3 cups quick-cooking oats, gluten-free

1 cup mini M&M chocolate candies

1 cup mini chocolate chips 

  1. Preheat the oven to 350°F. Line baking sheets with parchment paper that has been sprayed with pan release or use silicone baking mats. 
  2. In a large bowl cream together the softened butter, peanut butter, and both sugars. Mix on high for 2 minutes, until creamy. 
  3. Add eggs, vanilla, and baking soda. Mix well then add the oats. Mix on low until all combined. 
  4. Add M&Ms and chocolate chips. Mix on low or stir by hand.
  5. Use a large cookie scoop or trigger ice cream scoop to portion out large balls, or to make smaller cookies use a medium cookie scoop (1.5 tablespoons); place cookies about 2 inches apart on prepared baking sheets. Press down slightly with the back of the scoop. Add a few additional M&Ms, if desired, to surface of cookie.
  6. Bake large cookies  for 11 minutes, rotating pans halfway through; reduce baking time fro smaller cookies by 1 to 2 minutes. Be careful to not over bake (edges will be set and middle will be slightly underdone). 
  7. Cool on baking sheets 5 minutes before transferring to a wire rack to cool. 

To Make Ahead:

Baked Cookies - Bake and cool the cookies completely before storing. Stack in an airtight container and store at room temperature up to four days. To store longer, store in a freezer bag and freeze up to 3 months.

Unbaked Cookies - Make the monster cookie dough and portion out the cookie balls on parchment paper lined baking sheet. Flash freeze until the balls are hard to touch. Transfer the unbaked balls to freezer bag and freeze up to 3 months. Do not thaw the dough before baking, but they will have to bake for 1 to 2 minutes longer.


Recipe without photos . . . Flourless Monster Cookies (gluten-free) Makes 22 large or 44 smaller cookies

1 stuck (½ cup) butter, softened

1 ⅓ cup creamy peanut butter (do not use natural peanut butter as it is too oily)
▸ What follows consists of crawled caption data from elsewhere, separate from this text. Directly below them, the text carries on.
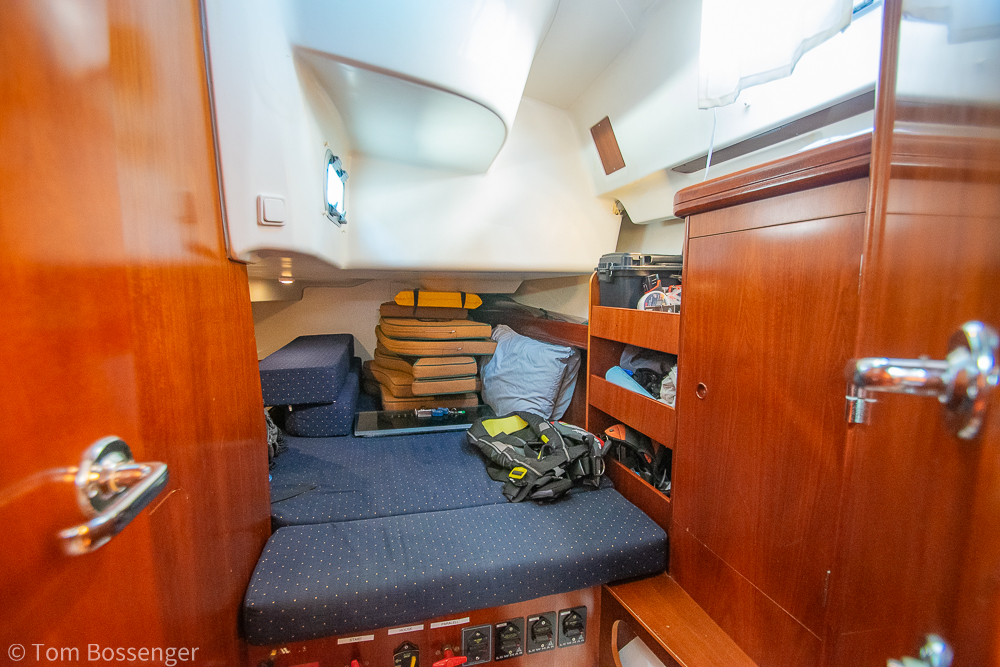 2005 Beneteau Oceanis 423
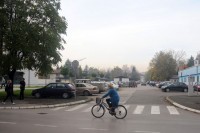 Na ljeto konačno počinje gradnja  zgrade Ustavnog suda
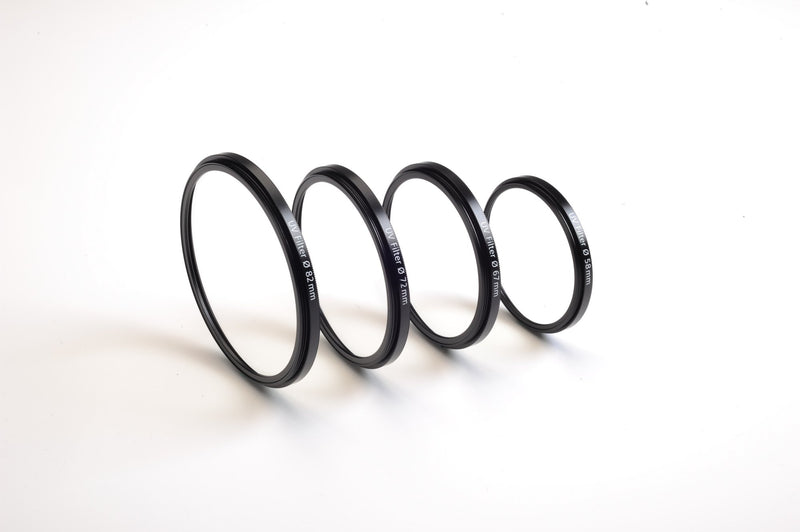 [AUSTRALIA] - Carl Zeiss T UV Photo Filter, 58mm (000000-1856-322) 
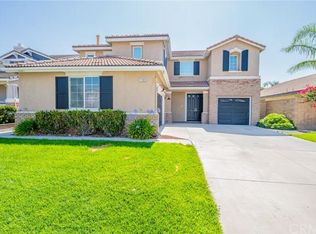 7143 Providence Way, Fontana, CA 92336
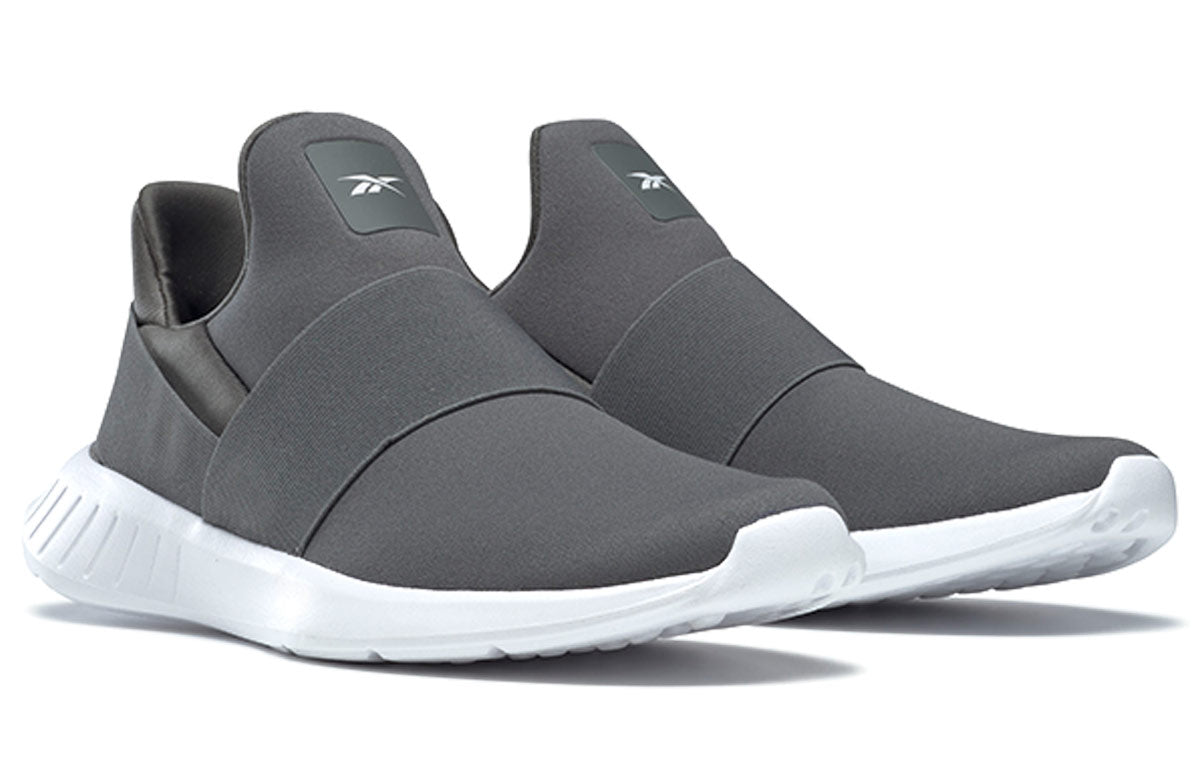 (WMNS) Reebok Slip 2 White Gray FX1505
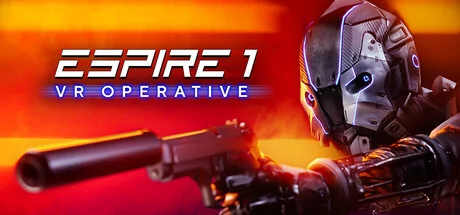Espire 1: VR Operative PC system requirements screenshot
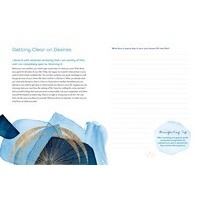 Manifest Your Dreams: A Journal: Embrace Your Power & Change your Life: Volume 16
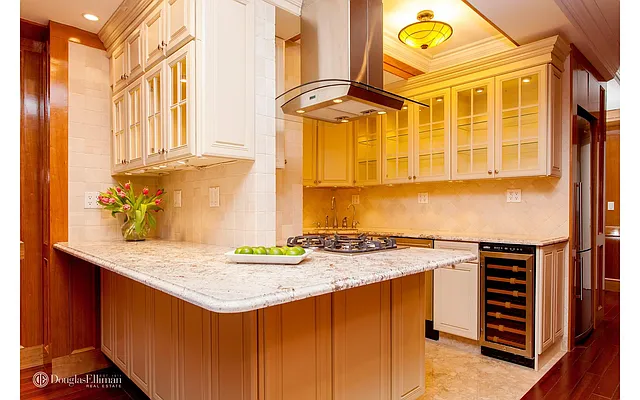 Rented by Douglas Elliman | media 1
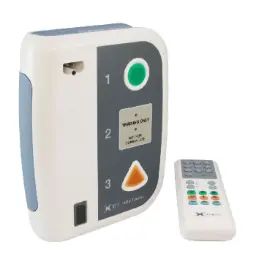 XFT120C+ AED Universal Trainer Unit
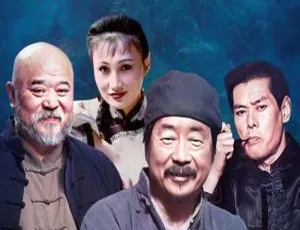 燕子李三1998版全集 经典怀旧武侠剧高清珍藏-蓝海网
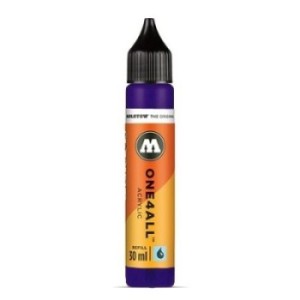 Molotow One4All 043 Dark Violet 30ml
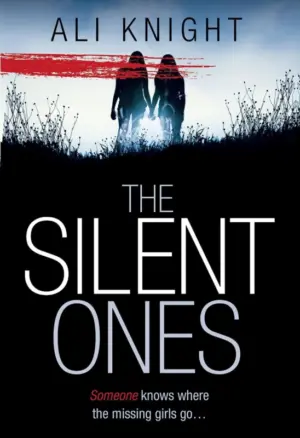 Cover for "The Silent Ones"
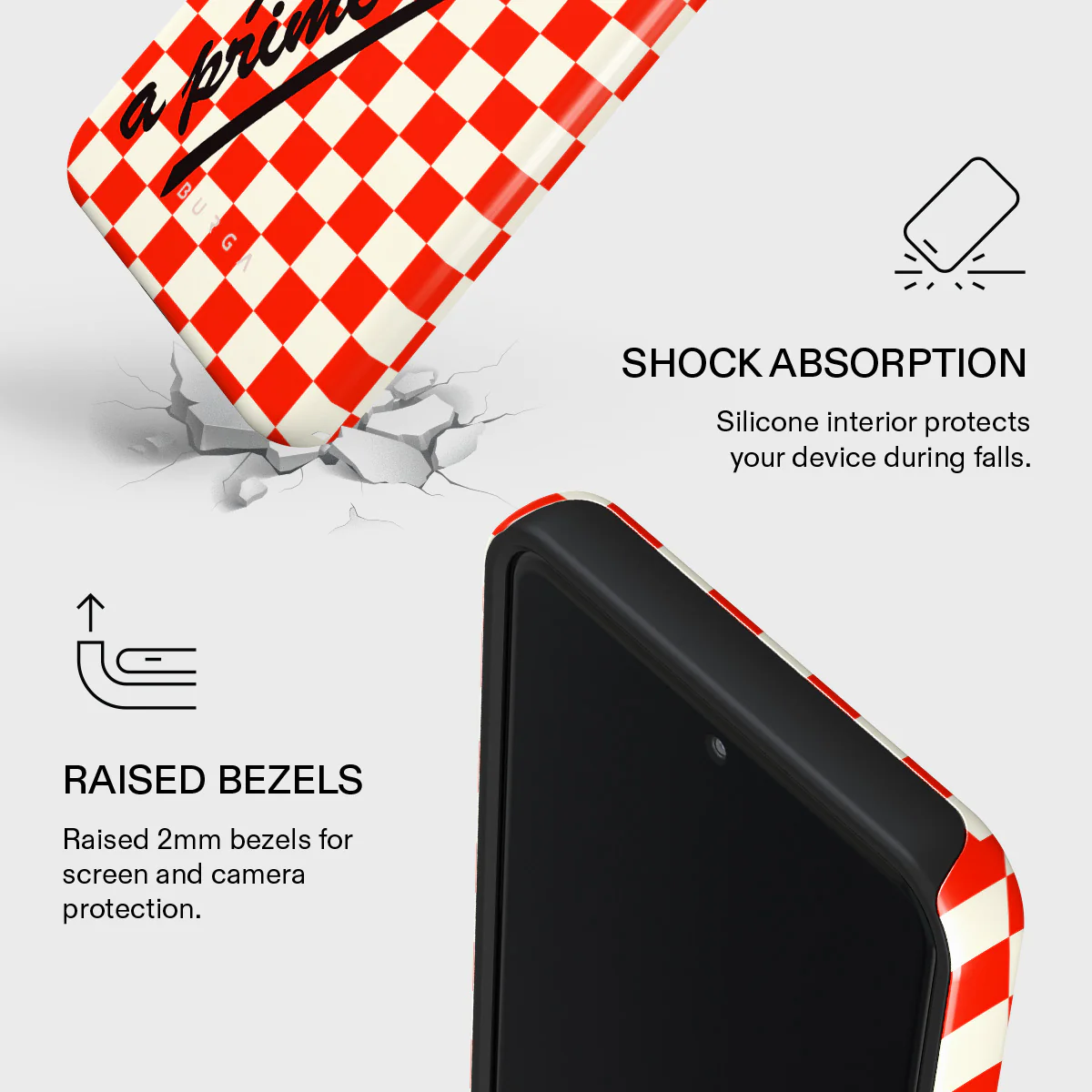 Amor - Xiaomi 15 Pro Case - Image 4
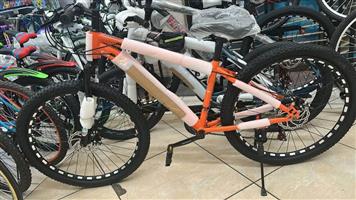 26 inch aluminium alloy bicycle online orders PAYMENT CONFIRMS YOUR ORDER contact for price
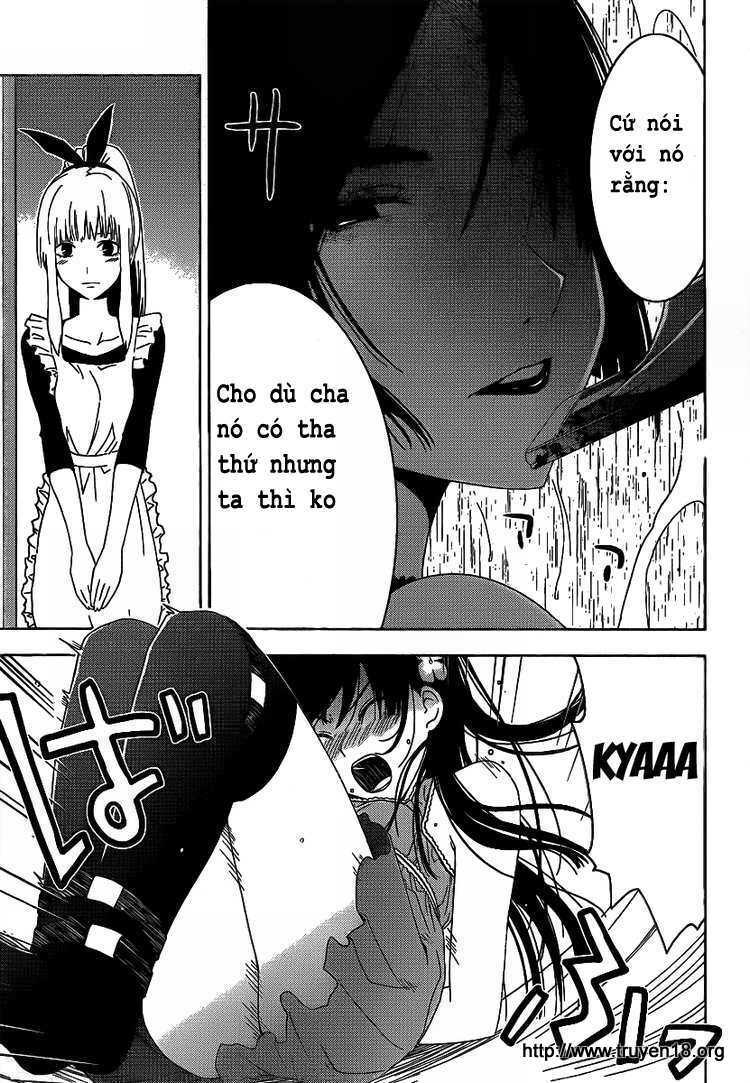 Sanka Rea: Chapter 8
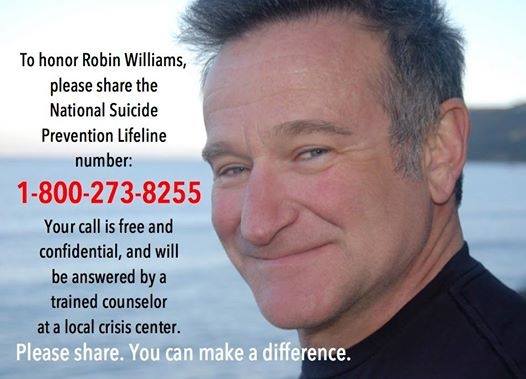 Robin-Williams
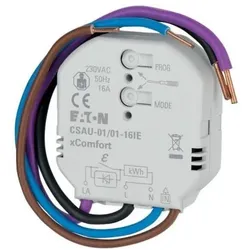 Eaton Schaltgerät CSAU-01/01-16IE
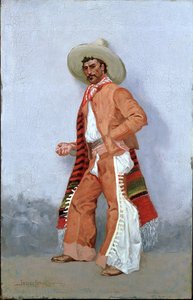 A Vaquero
¾ cup packed light brown sugar

¾ cup granulated sugar

2 large eggs

2 teaspoons vanilla 

1 ½ teaspoon baking soda

3 cups quick-cooking oats, gluten-free

1 cup mini M&M chocolate candies

1 cup mini chocolate chips 

  1. Preheat the oven to 350°F. Line baking sheets with parchment paper that has been sprayed with pan release or use silicone baking mats. 
  2. In a large bowl cream together the softened butter, peanut butter, and both sugars. Mix on high for 2 minutes, until creamy. 
  3. Add eggs, vanilla, and baking soda. Mix well then add the oats. Mix on low until all combined. 
  4. Add M&Ms and chocolate chips. Mix on low or stir by hand.
  5. Use a large cookie scoop or trigger ice cream scoop to portion out large balls, or to make smaller cookies use a medium cookie scoop (1.5 tablespoons); place cookies about 2 inches apart on prepared baking sheets. Press down slightly with the back of the scoop. Add a few additional M&Ms, if desired, to surface of cookie.
  6. Bake large cookies  for 11 minutes, rotating pans halfway through; reduce baking time fro smaller cookies by 1 to 2 minutes. Be careful to not over bake (edges will be set and middle will be slightly underdone). 
  7. Cool on baking sheets 5 minutes before transferring to a wire rack to cool. 

To Make Ahead:

Baked Cookies - Bake and cool the cookies completely before storing. Stack in an airtight container and store at room temperature up to four days. To store longer, store in a freezer bag and freeze up to 3 months.

Unbaked Cookies - Make the monster cookie dough and portion out the cookie balls on parchment paper lined baking sheet. Flash freeze until the balls are hard to touch. Transfer the unbaked balls to freezer bag and freeze up to 3 months. Do not thaw the dough before baking, but they will have to bake for 1 to 2 minutes longer.